Without including any pictures, copy every line below exactly.

---------- DATA FOR REVIEW

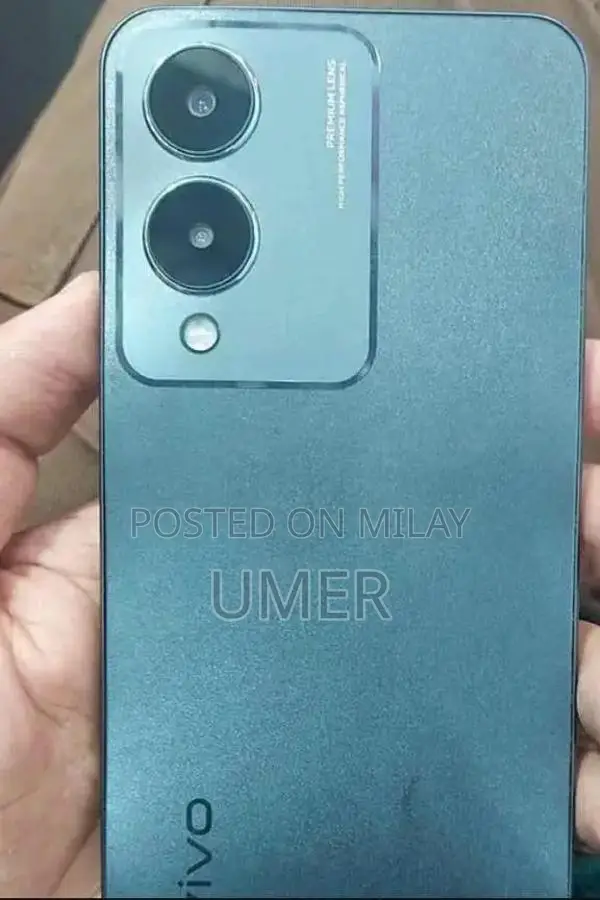 Mid-Range Smartphone with 6GB RAM and Modern Design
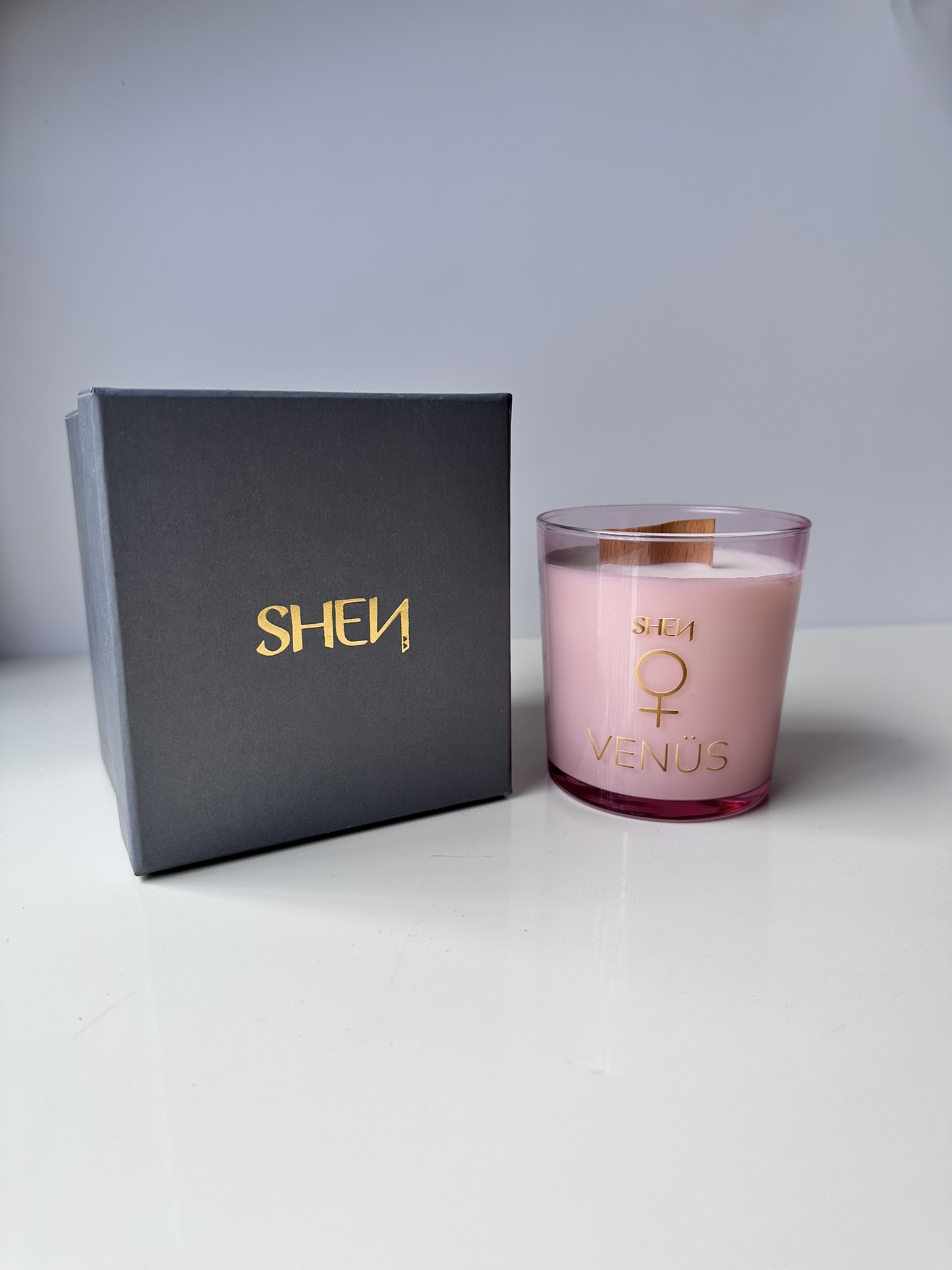 Shen Venüs Mum – Sevgin Senin Sanatın: Itır, Ylang Ylang, Palmarosa Yağı ile %100 Doğal Soya Mumu 276 GR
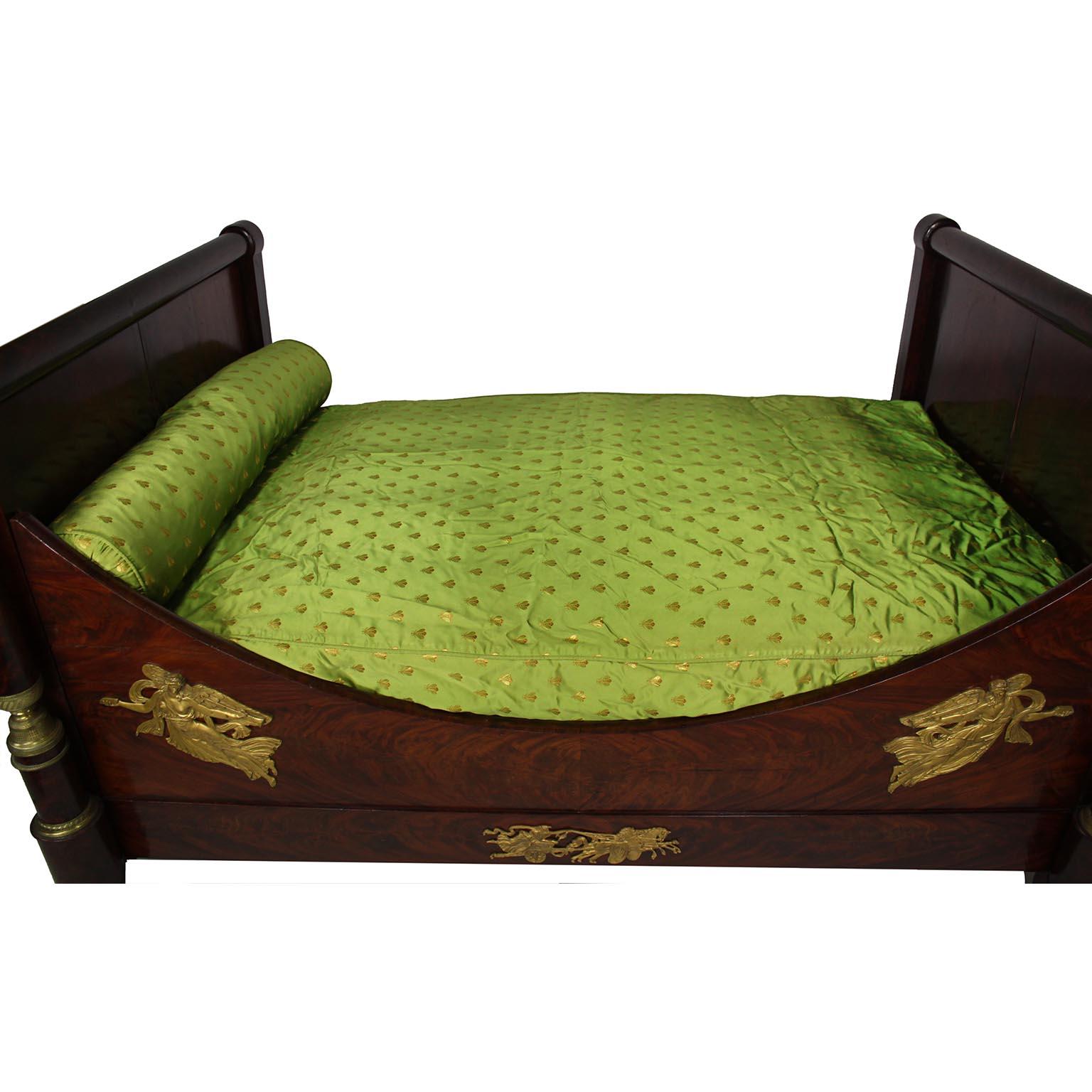 Französisches Kampagnen-Tagesbett aus Mahagoni und vergoldeter Bronze im Empire-Stil des 19. Jahrhunderts (Vergoldet) im Angebot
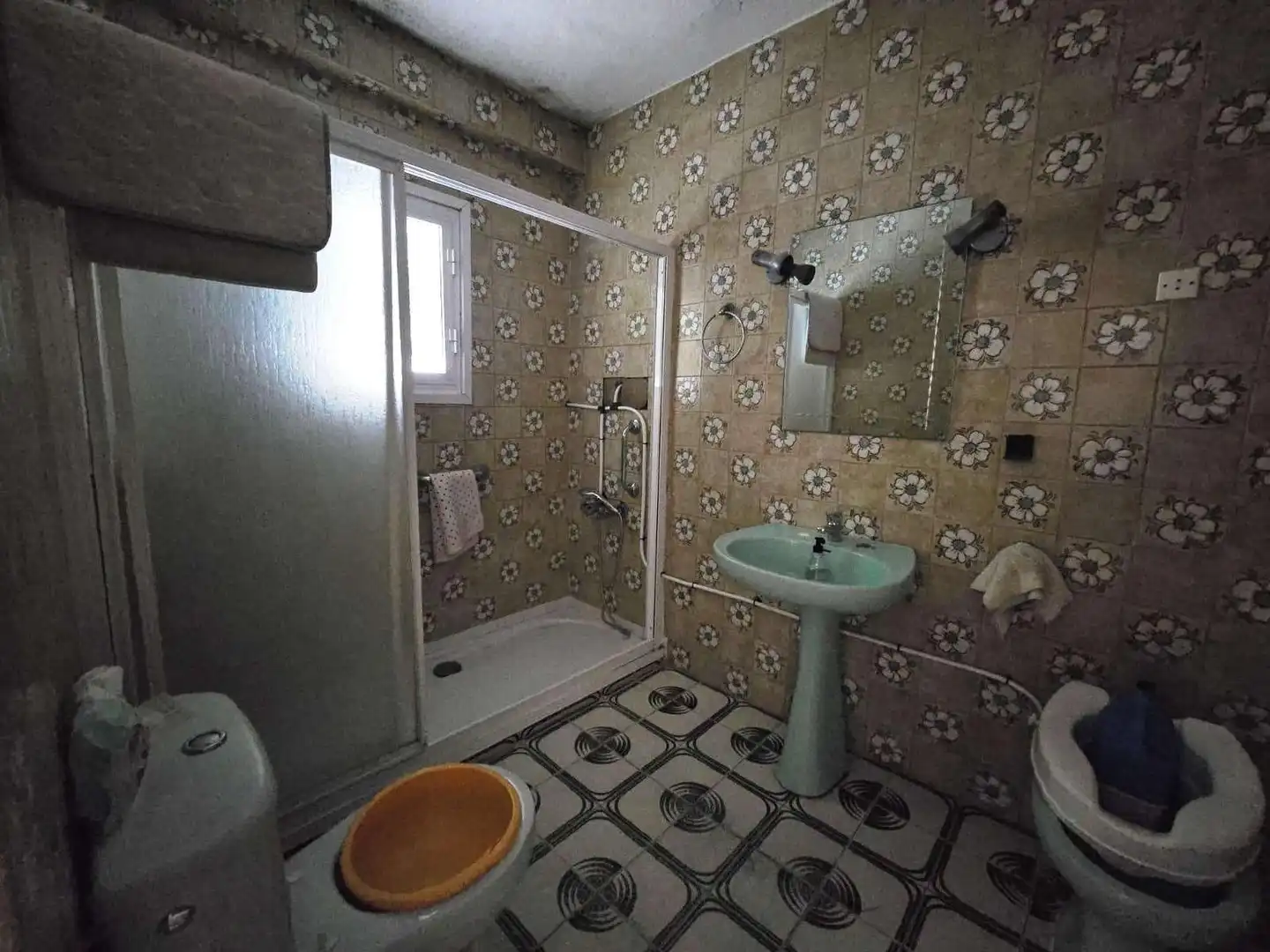 Bathroom of Houses for sale in Gines  with Air Conditioner, Terrace and Storage room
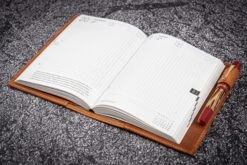 Galen Leather Cover A6 In Pelle Crazy Horse Brown 10 Galen Leather Cover A6 In Pelle Crazy Horse Brown -Stilo Stile Negozio galen leather cover a6 in pelle crazy horse brown 4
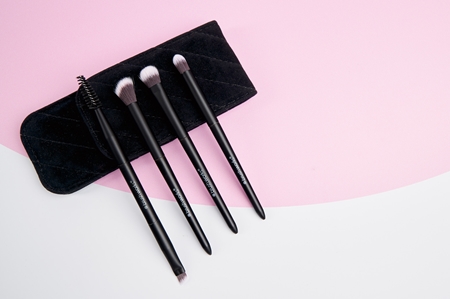 Brushworks Travel Eye Brush Set Brush Set for travelling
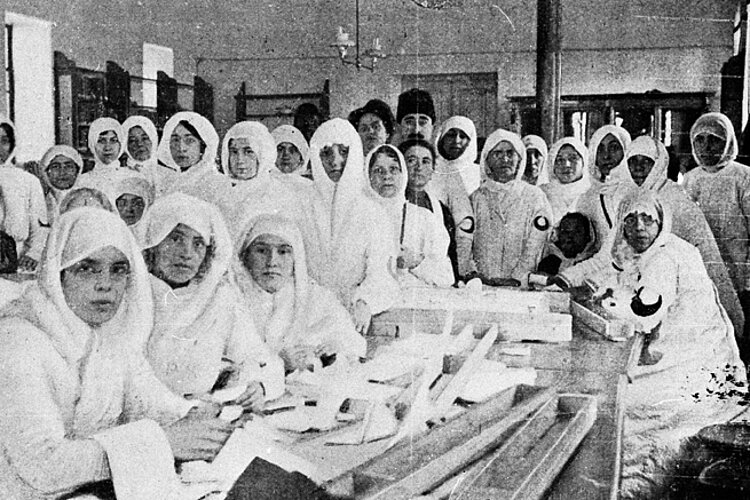 Helferinnen des Roten Halbmonds während der Balkankriege 1912/13 im Gülhane-Hospital in Konstantinopel (IKRK)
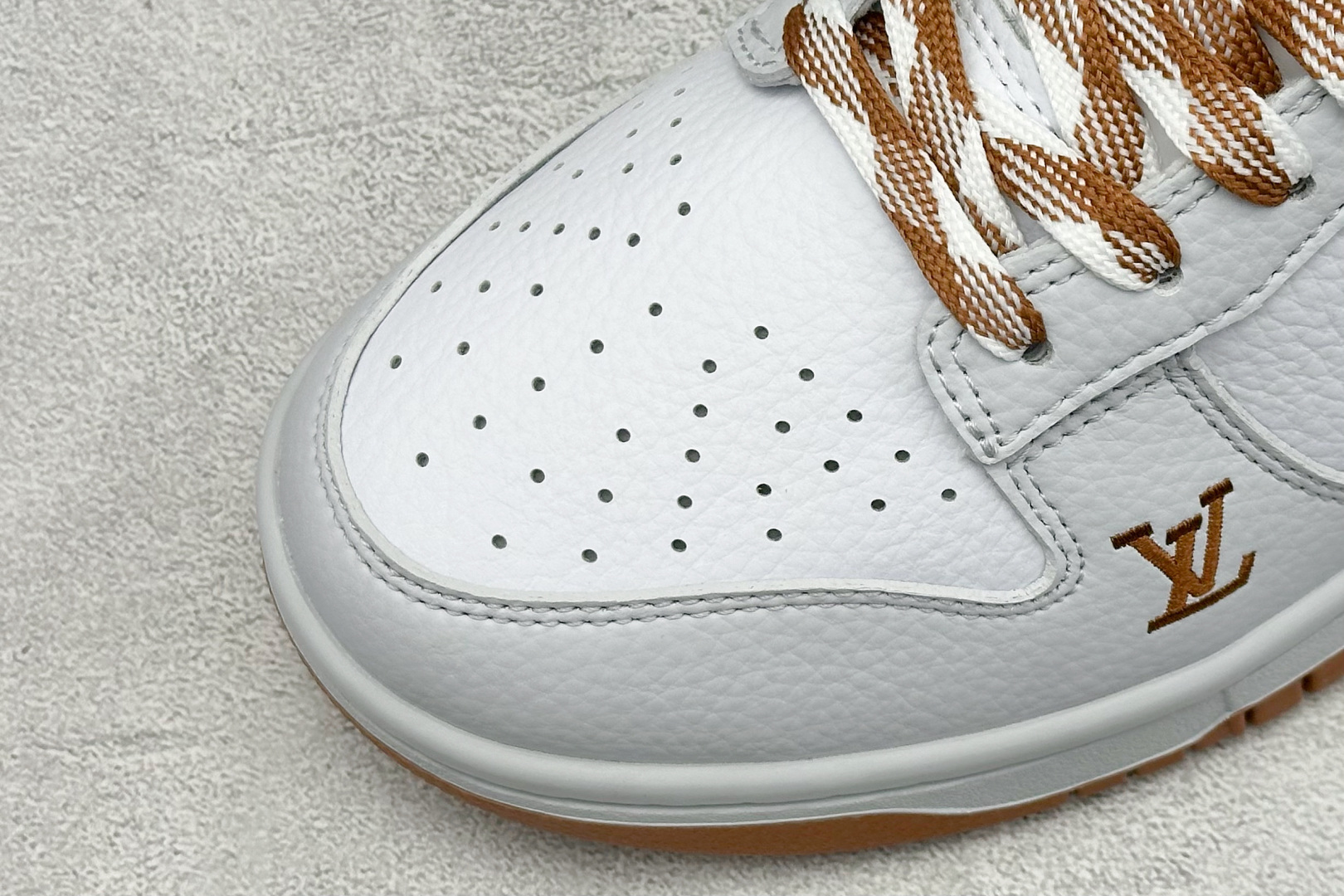 SC版Nike SB Dunk Low LV联名 白灰棕蓝 周年高端定制 低帮休闲板鞋 SC0601-474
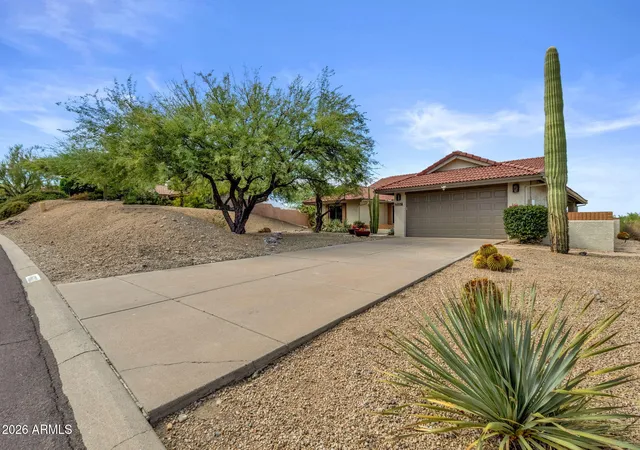 Photo 3 of Single family home for sale at 16002 E El Lago Blvd, Fountain Hills, AZ 85268 | MLS# 7077988 | Listing updated on 2026-09-16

--------------------

▶ OUTPUT BELOW
 Mid-Range Smartphone with 6GB RAM and Modern Design
 Shen Venüs Mum – Sevgin Senin Sanatın: Itır, Ylang Ylang, Palmarosa Yağı ile %100 Doğal Soya Mumu 276 GR
 Französisches Kampagnen-Tagesbett aus Mahagoni und vergoldeter Bronze im Empire-Stil des 19. Jahrhunderts (Vergoldet) im Angebot
 Bathroom of Houses for sale in Gines  with Air Conditioner, Terrace and Storage room
 Galen Leather Cover A6 In Pelle Crazy Horse Brown 10 Galen Leather Cover A6 In Pelle Crazy Horse Brown -Stilo Stile Negozio galen leather cover a6 in pelle crazy horse brown 4
 Brushworks Travel Eye Brush Set Brush Set for travelling
 Helferinnen des Roten Halbmonds während der Balkankriege 1912/13 im Gülhane-Hospital in Konstantinopel (IKRK)
 SC版Nike SB Dunk Low LV联名 白灰棕蓝 周年高端定制 低帮休闲板鞋 SC0601-474
 Photo 3 of Single family home for sale at 16002 E El Lago Blvd, Fountain Hills, AZ 85268 | MLS# 7077988 | Listing updated on 2026-09-16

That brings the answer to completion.